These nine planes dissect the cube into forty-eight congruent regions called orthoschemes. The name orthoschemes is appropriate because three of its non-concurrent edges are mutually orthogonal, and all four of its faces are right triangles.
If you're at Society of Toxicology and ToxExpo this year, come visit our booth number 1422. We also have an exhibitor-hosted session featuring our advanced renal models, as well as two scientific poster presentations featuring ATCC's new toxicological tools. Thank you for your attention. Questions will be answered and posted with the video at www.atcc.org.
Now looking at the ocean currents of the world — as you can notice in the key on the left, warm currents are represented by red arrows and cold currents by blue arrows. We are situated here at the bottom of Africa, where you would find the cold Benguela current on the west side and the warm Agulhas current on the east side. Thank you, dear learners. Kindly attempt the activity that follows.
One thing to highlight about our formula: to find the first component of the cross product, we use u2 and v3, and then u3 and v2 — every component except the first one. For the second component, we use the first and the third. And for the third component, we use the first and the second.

---

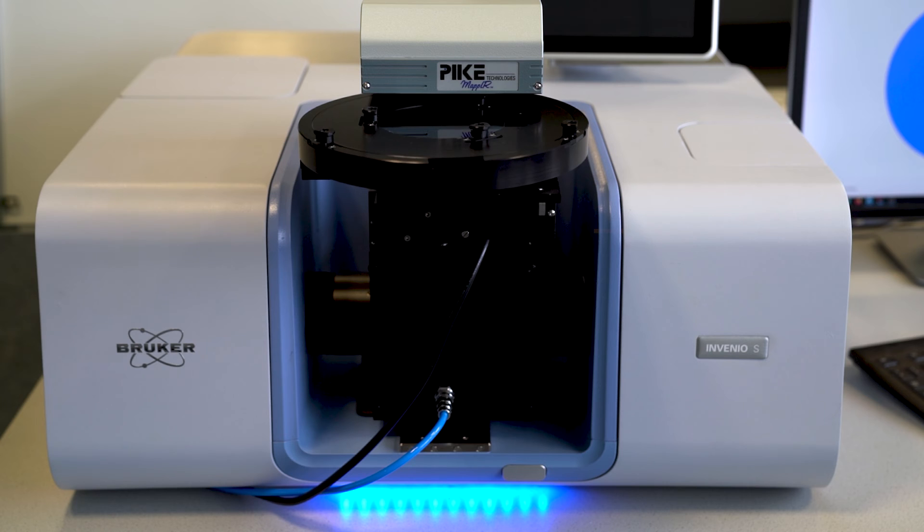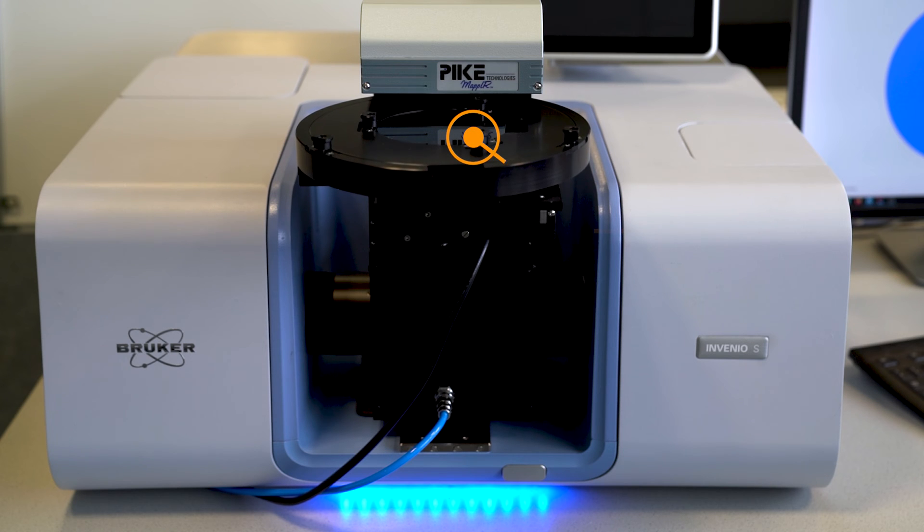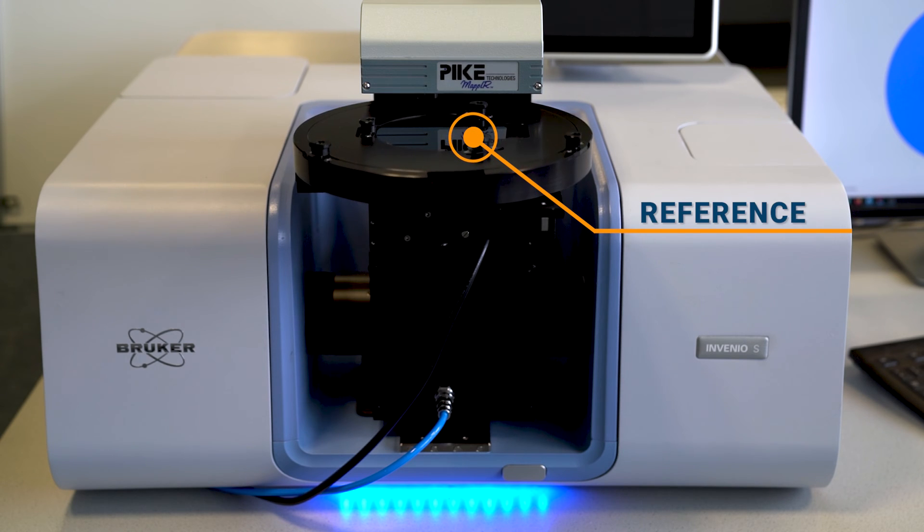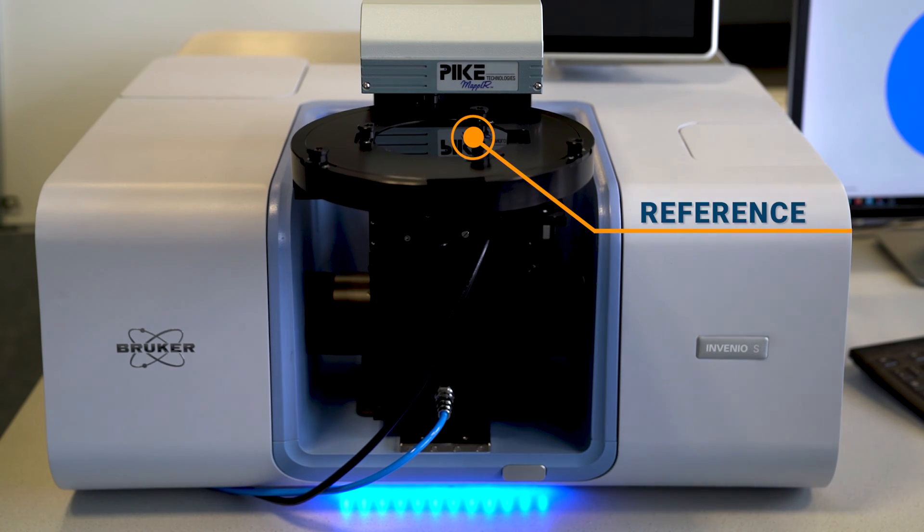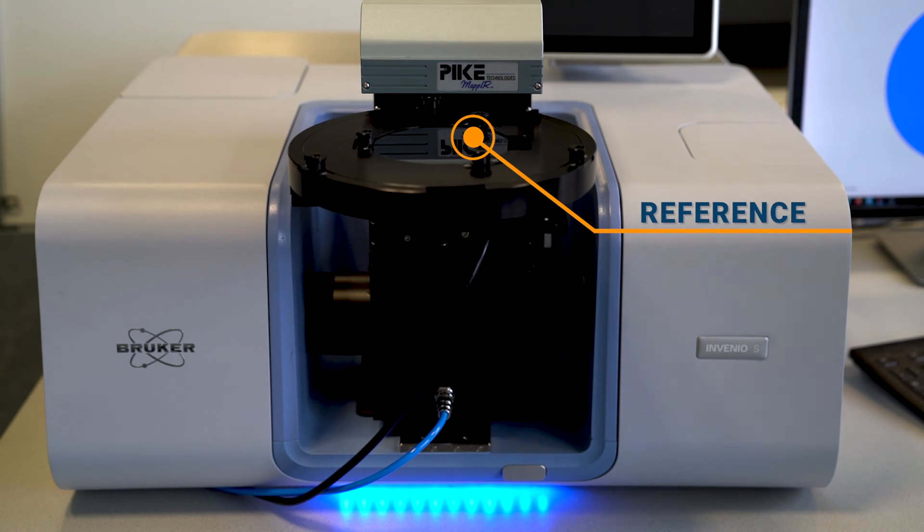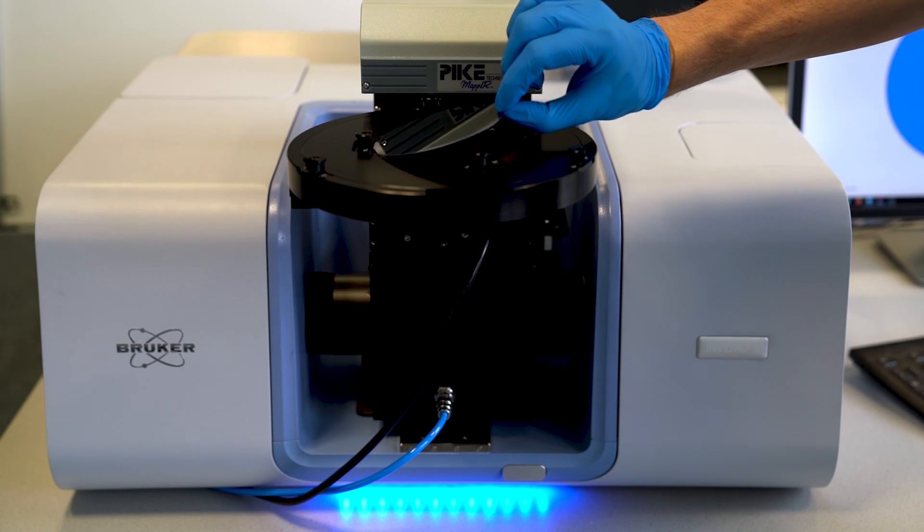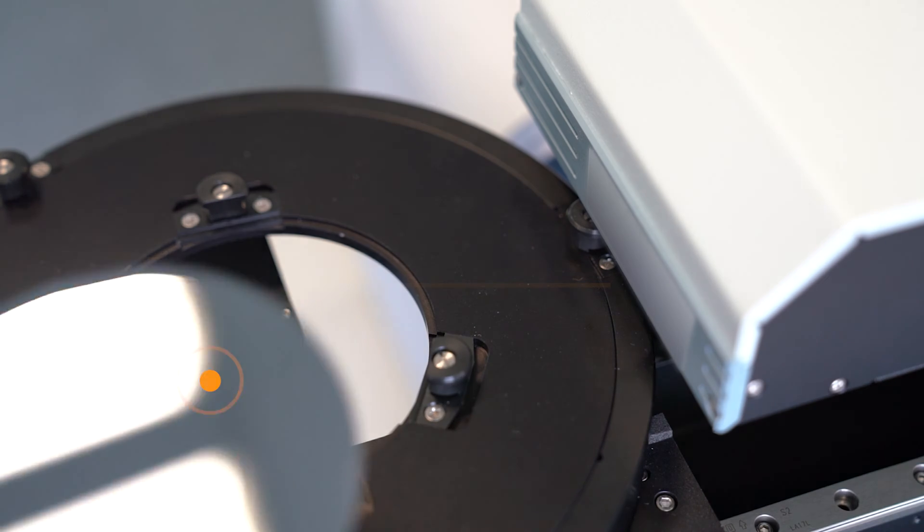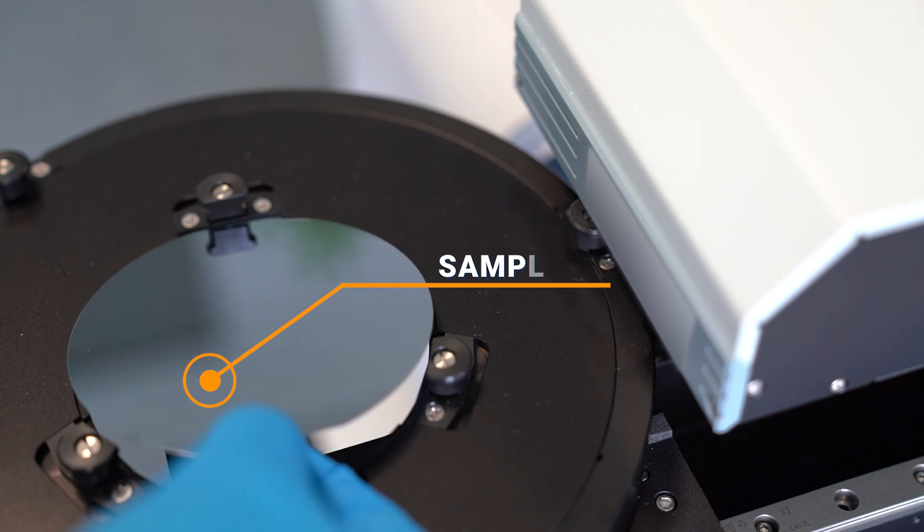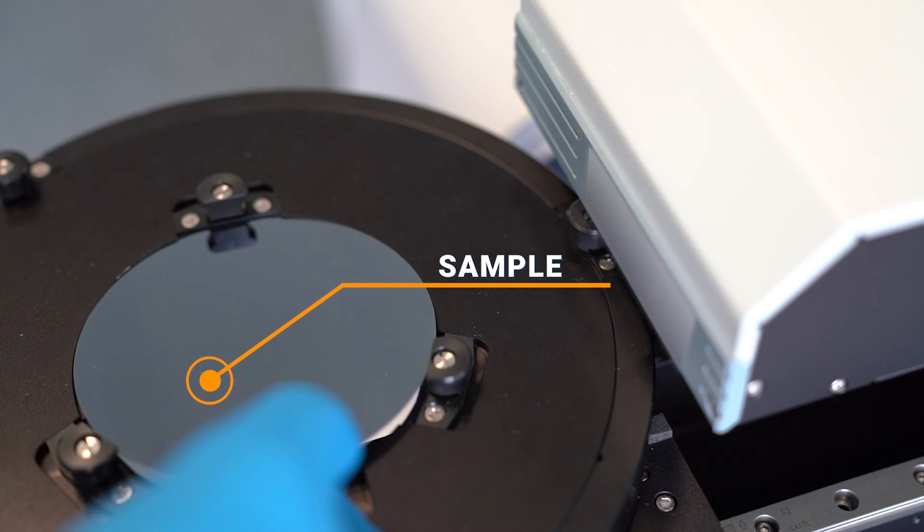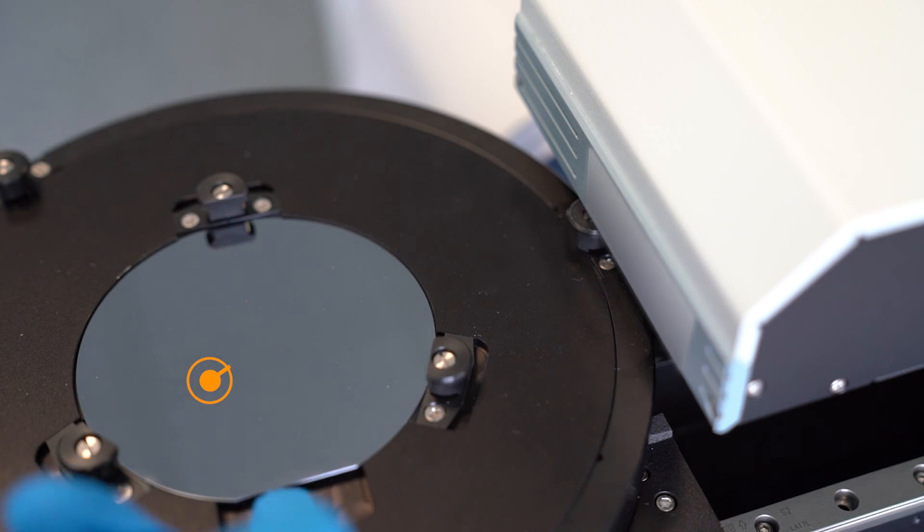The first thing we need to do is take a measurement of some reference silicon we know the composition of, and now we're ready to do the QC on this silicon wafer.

**Task directions:**
All that is wanted is a faithful reproduction of the line above with "These nine planes", the line with "If you're at", and every line in between.

**Exercise result:**
These nine planes dissect the cube into forty-eight congruent regions called orthoschemes. The name orthoschemes is appropriate because three of its non-concurrent edges are mutually orthogonal, and all four of its faces are right triangles.
If you're at Society of Toxicology and ToxExpo this year, come visit our booth number 1422. We also have an exhibitor-hosted session featuring our advanced renal models, as well as two scientific poster presentations featuring ATCC's new toxicological tools. Thank you for your attention. Questions will be answered and posted with the video at www.atcc.org.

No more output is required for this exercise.